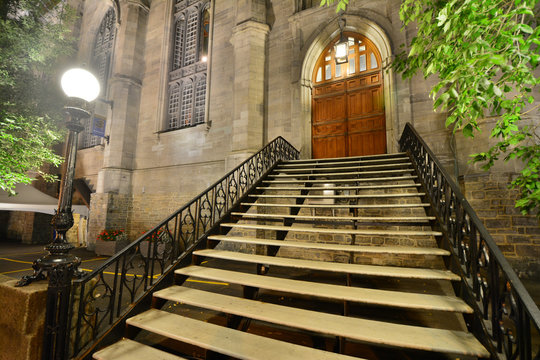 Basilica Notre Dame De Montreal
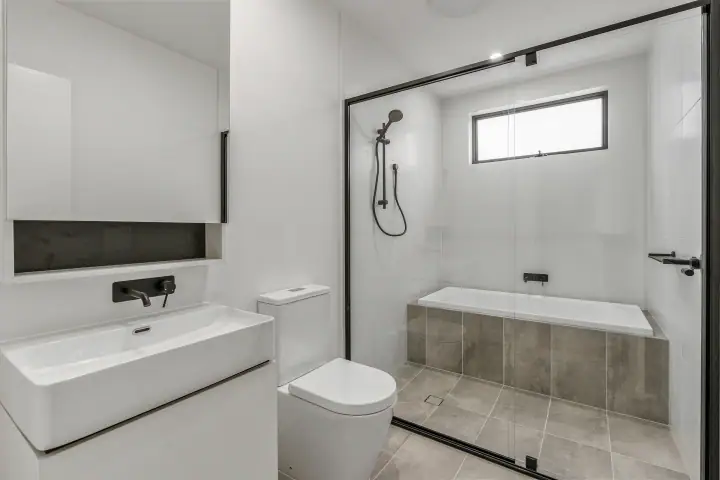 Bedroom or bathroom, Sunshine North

--

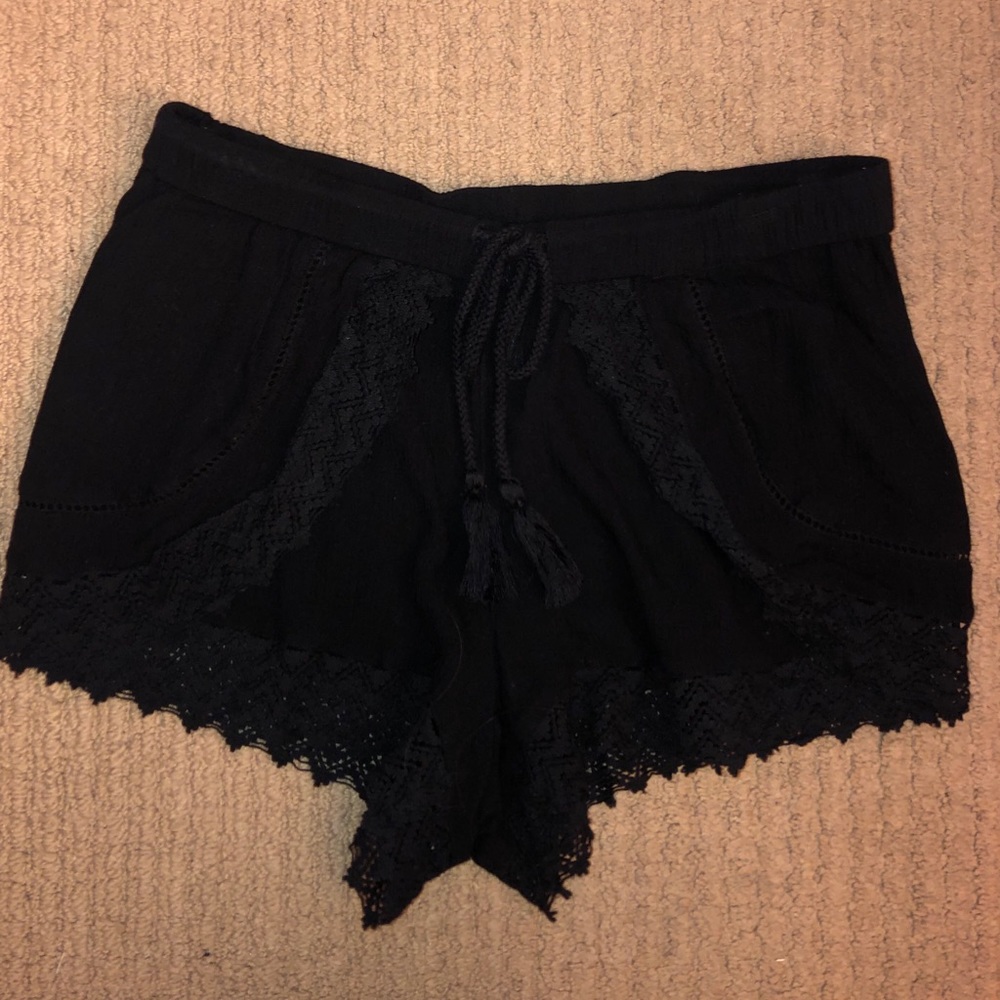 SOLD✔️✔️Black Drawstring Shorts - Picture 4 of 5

* * *

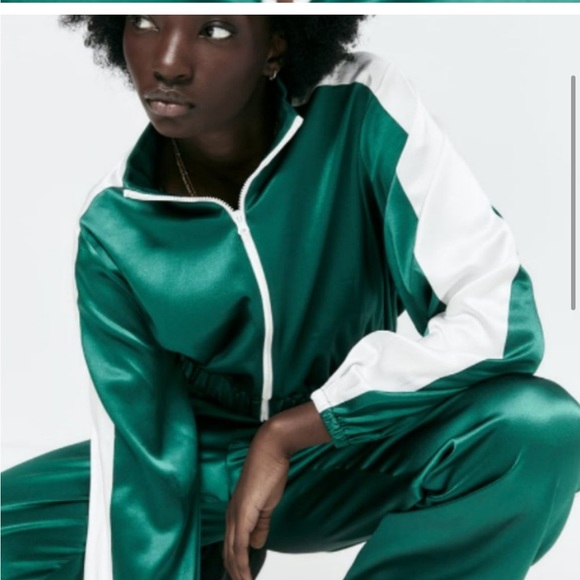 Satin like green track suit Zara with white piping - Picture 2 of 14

* EXERCISE DIRECTIONS
From the line with "Basilica Notre Dame De Montreal" up to and including the line with "Bedroom or bathroom, Sunshine North" above, retype every line exactly and nothing more; leave out the pictures.

* REPLY TO THE EXERCISE
 Basilica Notre Dame De Montreal
 Bedroom or bathroom, Sunshine North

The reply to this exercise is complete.